The study reveals the existence of a new GeV gamma-ray source. Surprisingly, the new source is offset from the TeV gamma radiation found around the cluster – precisely into the direction of the tail-like structure but about 320 light years away. “However, because the GeV and TeV emission are connected smoothly in terms of their spatial appearance and their energy spectra, we believe that they share a common origin”, explains Prof. Marianne Lemoine-Goumard from the university of Bordeaux, first author of the study.

To learn more about the origin of the new source, the researchers went on to investigate the density of the interstellar medium in its vicinity. Using observations of the 21-cm emission line of hydrogen, they were able to identify a deficit in gas density that coincides with the position of the gamma-ray source. “This gave us the idea that we are dealing with an outflow – material driven by the star cluster away from the Galactic plane, creating a cavity in the interstellar medium in that direction” adds Dr. Lars Mohrmann, director of the H.E.S.S. collaboration and co-lead of the new study.

A nascent outflow from Westerlund 1

A modelling of the observed gamma-ray emission indicates that it is very likely originating from cosmic-ray electrons accelerated near Westerlund 1, via a process called inverse-Compton scattering.
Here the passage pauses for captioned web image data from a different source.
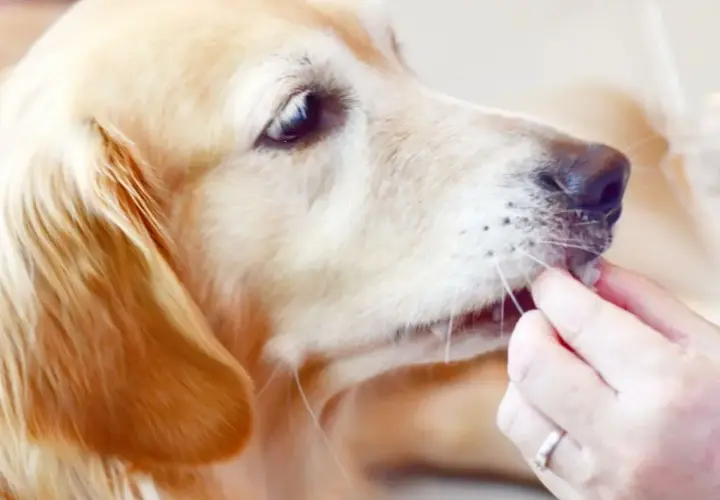 Złoty retriever dostaje smakołyk. Czy pies może pić herbatę? Nie, ale ten piesek chętnie zje coś pysznego.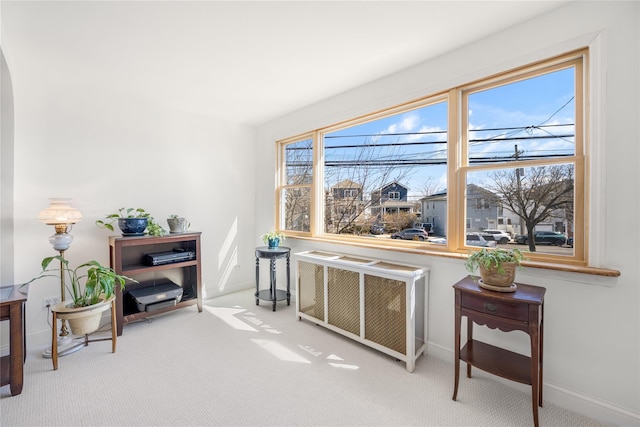 living area with radiator, baseboards, and carpet floors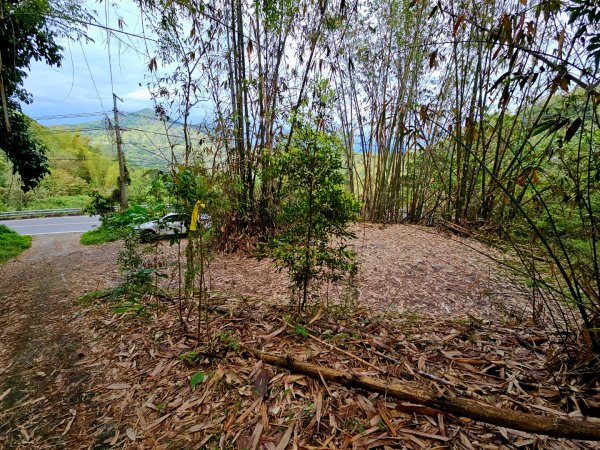 白雲山-小百岳#69-高雄市甲仙區2750265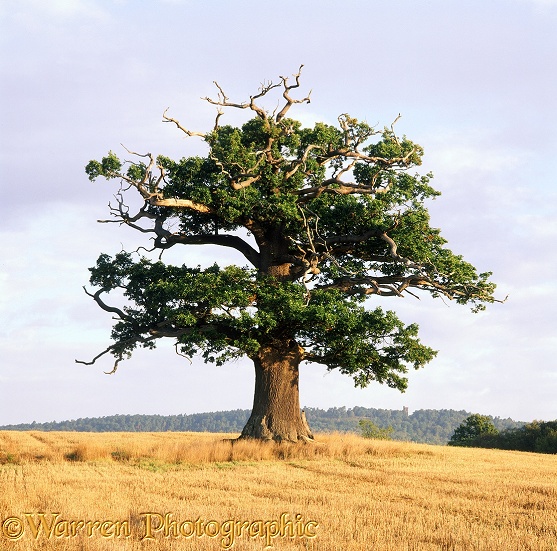 English Oak (Quercus robur) - Autumn (07-09-2009).  Surrey, England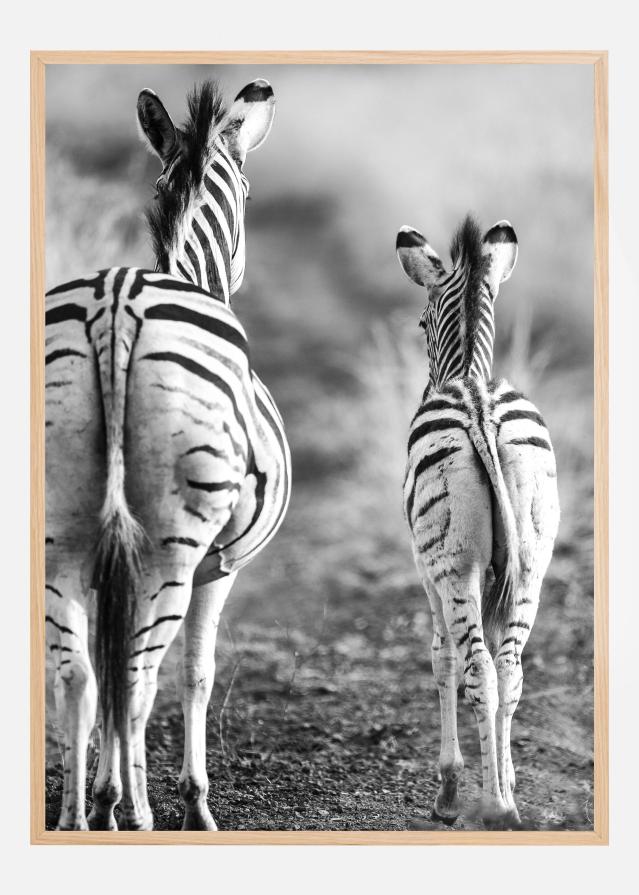 Striped Horse Back Side Poszter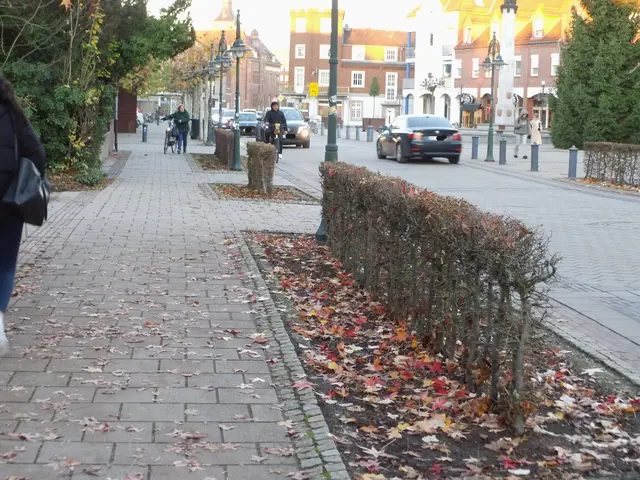 Straßengrünstreifen In Kevelaer, sinnvollerweise mit undurchdringbaren Heckenpflanzen neu bepflanzt.  | Foto: Siegmund Walter,21.11.2025
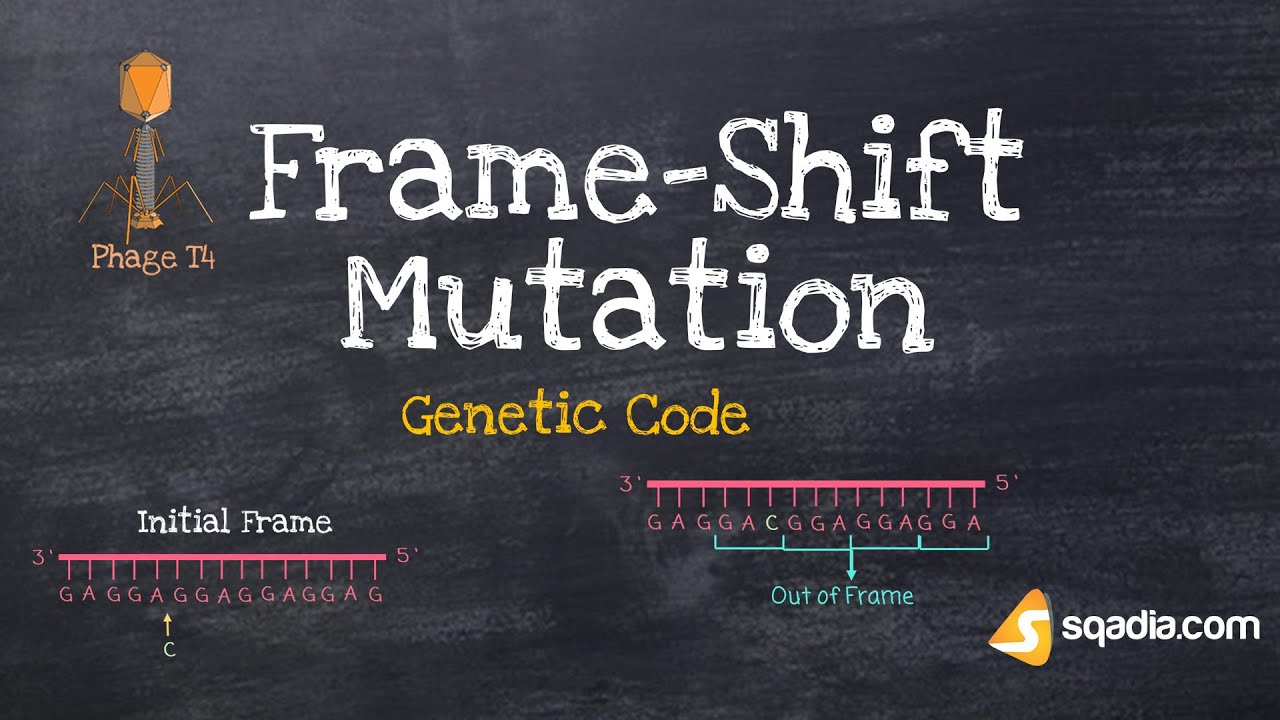 Genetic Code | Frame-Shift Mutation | Triplet Code | Adenine, Guanine, Cytosine, Thymine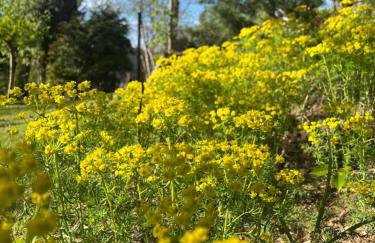 Apartamenty Leszczynowa 7 blisko Zatora - Foto 47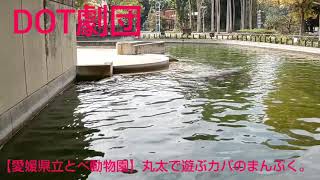 【愛媛県立とべ動物園】丸太で遊ぶカバのまんぷく。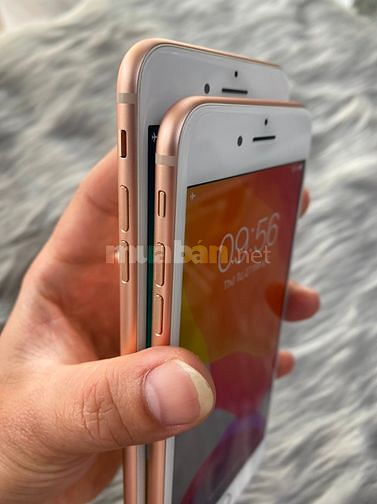 IPhone 8 plus 64 gold (SD) Mới keng 61824306 IPhone 8 plus 64 gold (SD) Mới keng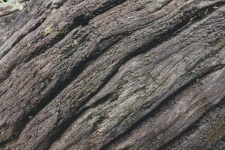 Close Up Of Dead Tree Trunk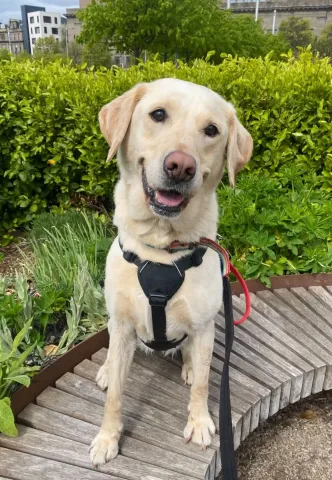 Iona, Labrador, Female, 7 Years Old, Yellow, Medium, Short Hair. 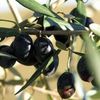 Découvrir les fleurs de Bach : l'olive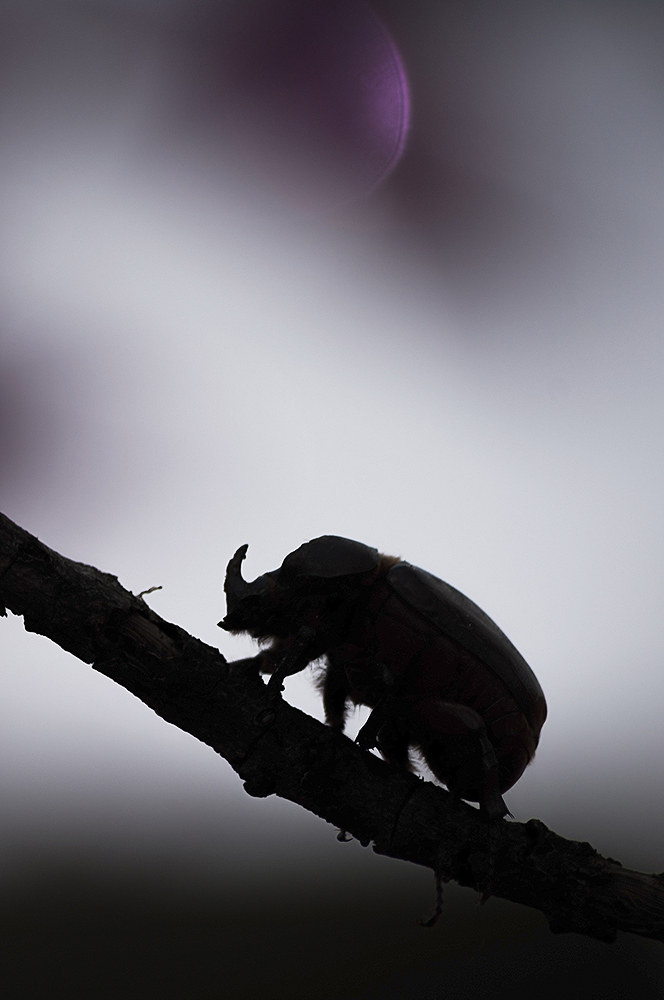 escarabajo rhino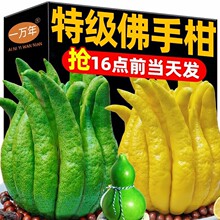 ��Ϸ��ָ��ش��r����Ȼ��޹�����^�p�[���҃������㙴���ֹ�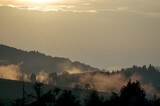 Fototapeta Na drzwi - Polana we mgle zachód słońca panorama	
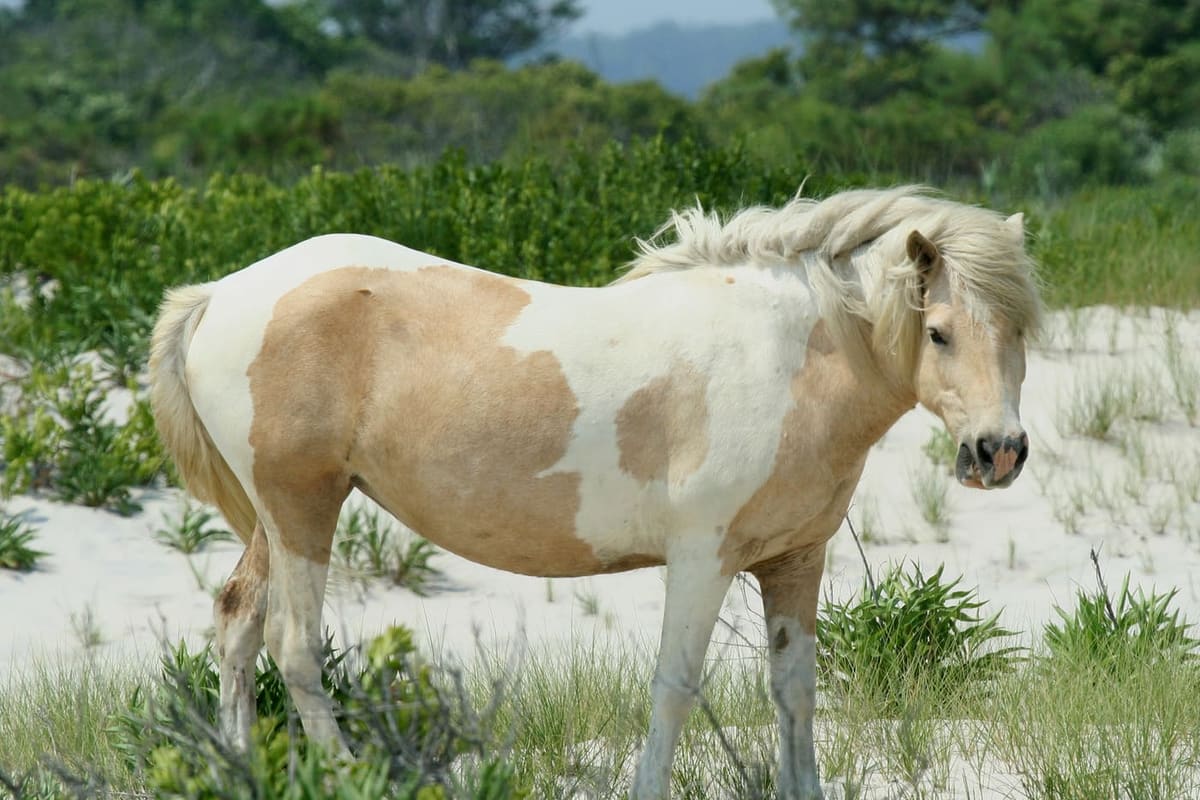 Mammals — Ocean City, Maryland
The consistent picture emerging from the observations is illustrated in Fig. 3: the superbubble surrounding Westerlund 1, due to the gradient in density of the surrounding medium, expands asymmetrically and begins to form a “nascent outflow”. The electrons are thought to be accelerated at the wind termination shock front. “Because high-energy electrons lose their energy quickly, the resulting high-energy gamma-ray emission measured with H.E.S.S. appears close to the star cluster, explains Lucia Härer, a doctoral student at the MPIK who developed the underlying theoretical model. “Lower-energy electrons, on the other hand, can travel much further and are transported along the outflow before they emit the gamma radiation detected with the Fermi telescope”.

While the measured gamma-ray emission is most likely due to cosmic-ray electrons, the researchers argue that these electrons are accompanied by other cosmic-ray particles, in particular protons and heavier atomic nuclei.

The scientists expect that the nascent outflow will eventually break out of the Galactic disk, thus opening a channel for the transport of cosmic rays into the surrounding Galactic halo. The new work presents the first observational indication for such a scenario and suggests that particle outflows might be a common occurrence around young massive star clusters. Because the transport of cosmic rays from the disk into the halo is a process that – although believed to be critical for galaxy evolution – is lacking direct observational confirmation, these results bear relevance in many branches of astronomy.

Future studies of gamma-ray emission from other young massive star clusters, for example with the Cherenkov Telescope Array Observatory, will be needed to answer the question if the observed outflow from Westerlund 1 is a special case or a blueprint for a common scenario.